At Argonaut press time, attorney Tom Nitti, who is representing Treesavers pro bono, planned to head back to court Wednesday, March 5th, to try to get an emergency stay against the city to prevent the removal of ficus trees on Second and Fourth Streets that are of no danger to the public — and to appeal the February 28th court decision.
“An appeal itself doesn’t help too much, because by the time the court makes a decision on the appeal, the trees will be gone,” says Nitti, who is based in Santa Monica. “So we’re asking for an emergency stay as well as an appeal.”
It was not yet known if a temporary stay had been granted against the city from removing ficus trees on Second and Fourth Streets that are of no danger to the public.

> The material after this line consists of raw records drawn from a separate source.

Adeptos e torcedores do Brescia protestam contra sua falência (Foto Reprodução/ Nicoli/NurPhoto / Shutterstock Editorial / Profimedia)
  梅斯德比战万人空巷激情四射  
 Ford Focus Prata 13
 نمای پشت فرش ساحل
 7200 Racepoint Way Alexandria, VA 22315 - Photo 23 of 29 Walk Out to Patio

On February 28th, Nitti argued in court that the city did not follow proper procedures under the California Environmental Quality Act (CEQA), but the judge sided with the city, saying that the 180-day statute of limitations was exceeded.
“There’s a big argument over when it started,” Nitti said of the statute of limitations. “I say it started in August 2007 when the city contracted with the lumberjacks to cut the trees down. The city says it started in October 2005 when the city said trees are exempt from CEQA. My position is that the city’s statement that ‘Trees are exempt from CEQA’ is false and a false statement by the city should not start the statute of limitations.”
Kate Vernez, assistant to the city manager for community relations, says, “The city conducted detailed community workshops and detailed environmental review in 1997 and again in 2005. And at all times, the city fully informed and engaged the public in the vision for Second and Fourth Street.”
Nitti says, “That’s all nonsense because the city told people falsely that street trees are exempt from CEQA.
“The city misled the people and now the city is saying, ‘It’s too late to do anything about it’ and I think that’s flat out unjust and I want to fight it out and try to get justice.”
If the court grants an emergency stay against the city banning it from removing ficus trees on Second and Fourth Streets that are of no danger to the public, the trees will be saved — at least temporarily.
“The real big question is, will the court grant an emergency stay?” Nitti said.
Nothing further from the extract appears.